# EXERCISE PROMPT
There is one span to output from the data below: the lines starting at the line with "Financial growth wealth" and ending at the line with "Box of brassware, copper". Output it exactly, ends included, nothing more.

# RECORDS PROVIDED
»»

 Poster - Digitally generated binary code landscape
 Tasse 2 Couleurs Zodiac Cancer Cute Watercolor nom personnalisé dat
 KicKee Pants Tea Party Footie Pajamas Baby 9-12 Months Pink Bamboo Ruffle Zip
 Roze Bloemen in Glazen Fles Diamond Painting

««
»»

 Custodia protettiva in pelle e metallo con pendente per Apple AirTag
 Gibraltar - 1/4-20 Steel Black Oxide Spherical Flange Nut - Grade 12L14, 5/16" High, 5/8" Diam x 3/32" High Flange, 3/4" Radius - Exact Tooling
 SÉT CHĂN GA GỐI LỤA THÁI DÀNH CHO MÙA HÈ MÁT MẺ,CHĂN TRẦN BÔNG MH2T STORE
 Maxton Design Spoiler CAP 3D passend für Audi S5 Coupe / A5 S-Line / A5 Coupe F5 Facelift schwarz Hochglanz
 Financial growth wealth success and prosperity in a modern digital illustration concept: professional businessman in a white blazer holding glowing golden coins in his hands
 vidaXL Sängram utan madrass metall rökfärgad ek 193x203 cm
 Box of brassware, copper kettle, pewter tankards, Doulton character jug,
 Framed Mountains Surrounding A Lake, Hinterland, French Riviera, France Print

««

# REPLY TO THE EXERCISE
 Financial growth wealth success and prosperity in a modern digital illustration concept: professional businessman in a white blazer holding glowing golden coins in his hands
 vidaXL Sängram utan madrass metall rökfärgad ek 193x203 cm
 Box of brassware, copper kettle, pewter tankards, Doulton character jug,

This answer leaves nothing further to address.